Tudo indica que está na hora de superar o SUS 1.0. O que seria um Sistema Nacional de Saúde 2.0?
Com certeza um sistema baseado na liberdade. Liberdade de profissionais da saúde e administradores se associarem e ofertarem seus serviços à população a preços adequados a ambos lados. Liberdade dos indivíduos e suas famílias escolherem os profissionais conforme sua necessidade e disponibilidade.
A maioria da população brasileira reside ou trabalha em centros urbanos e utiliza intensamente tecnologias contemporâneas de comunicação, como smartphones. A infraestrutura telefonia 5G está chegando ao país e poderá provocar uma verdadeira revolução no uso da comunicação remota para cuidados de saúde diversos, incluindo educacionais e mesmo terapêuticas.

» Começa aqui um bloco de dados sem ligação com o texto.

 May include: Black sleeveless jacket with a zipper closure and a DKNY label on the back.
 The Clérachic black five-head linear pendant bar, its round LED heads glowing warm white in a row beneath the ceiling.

Um SUS 2.0 deveria se basear em planos de saúde privados populares que ofertassem listas específicas de serviços a serem disponibilizados conforme conhecimentos epidemiológicos e sanitários do território onde se instalem. O governo deveria agir de forma concentrada para ofertar serviços de elevados custos e complexidades naqueles territórios onde as populações não tivessem acesso a estes serviços ofertados pelas empresas.

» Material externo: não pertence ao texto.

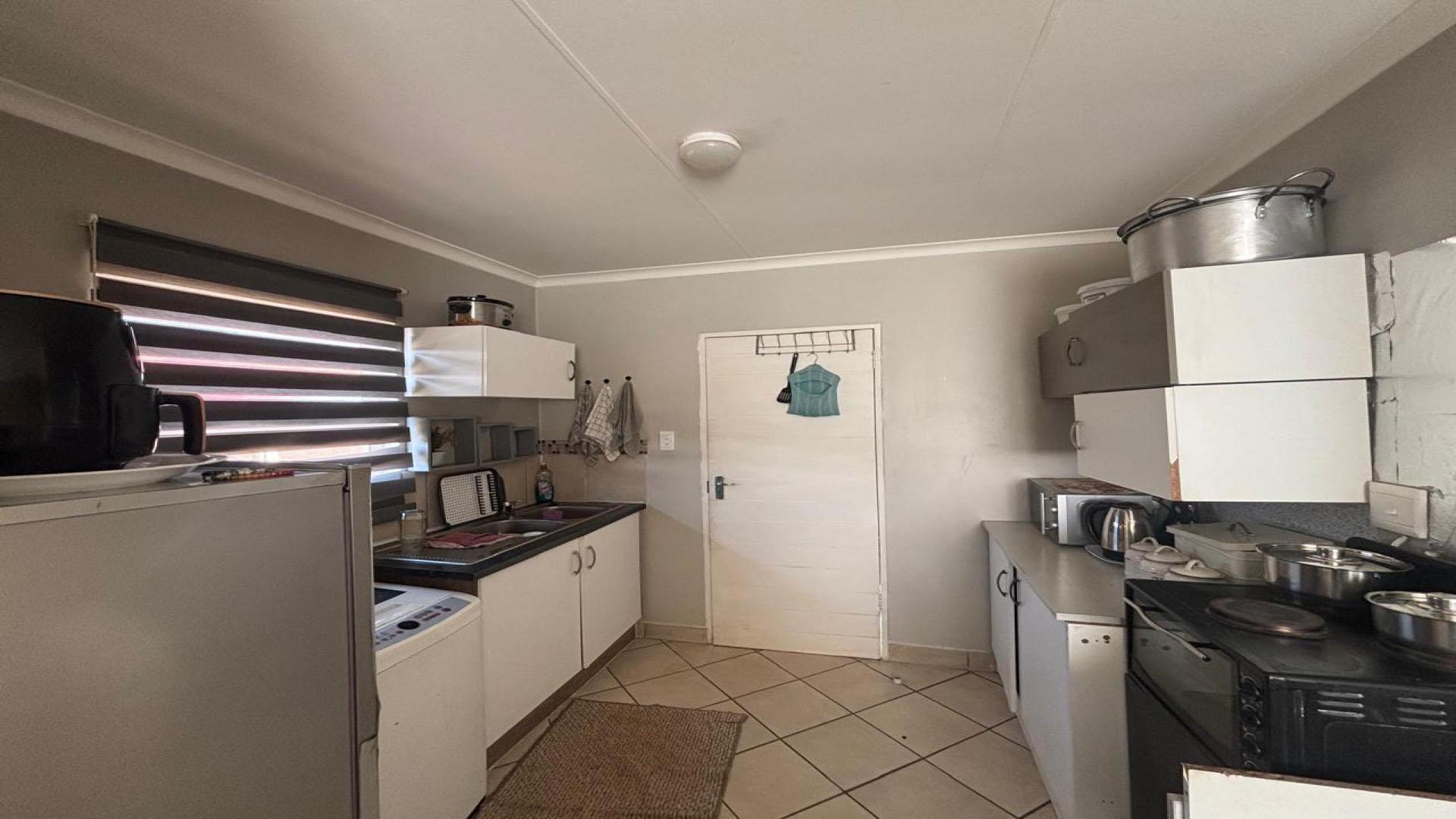 Kitchen of property in Azaadville Gardens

Num sistema de saúde deste tipo, o técnico formado em medicina super-especializado (cuja formação é caríssima para o indivíduo, sua família e o conjunto da sociedade) deveria ser a exceção. Excepcionalidade para atender casos excepcionais. É urgente a formação de um conjunto de profissionais que consiga fazer diagnósticos adequados no nível primário e ter poder para prescrever fármacos ou outros cuidados característicos.
Desdobramento necessário deste SUS 2.0 é a reestruturação organizacional do Ministério da Saúde e de todos seus colaterais diretos e indiretos, tendo o princípio da especialização como fundamento para que o mesmo haja como efetivo coordenador do conjunto do sistema, em particular em ações que envolvam segurança populacional ou fronteiriça. Foco em Inteligência e em capacidade de coordenação e mobilização de recursos.
Sair do SUS 1.0 para o SUS 2.0 não é trivial, pois há uma série de problemas a serem atacados simultaneamente, com resultados não simultâneos e não sequenciais:
• Provimento de serviços promotores de saúde individual ou coletiva estado-centrados;
• Concorrência entre público e privado protagonizada pelos governos;
• Barreiras de entrada corporativas que impedem o aumento de oferta de profissionais ou serviços de saúde;
• Excessivo intervencionismo estatal na economia;
• Desconhecimento dos custos gerados por cada regra criada pela tecnocracia pública;
• Desconstitucionalização das regras de financiamento e organização do SUS;
• Revisão das Leis 8080/1990 e 8142/1990;
• Desconsideração efetiva das avaliações dos usuários para aprimoramento dos serviços de saúde.
+ Everardo Maciel: PEC 45, são muitos os que perdem
Há muitos desafios estruturais e culturais a serem superados. Todos eles passam, obrigatoriamente, pela desconstitucionalização das regras de financiamento e de organização do SUS 1.0, assim como revisão crítica das leis 8080 e 8142, ambas publicadas em 1990. Ofertar tudo a todos é impossível. Ofertar algumas coisas de acordo com conhecimento das necessidades e capacidade, é possível mediante colaboração entre um setor público focado em atender o cidadão e o setor privado livre de coações incivilizadas.
(1) Olson, Mancur. Power and Prosperity. Outgrowing communist and capitalista dictatorships.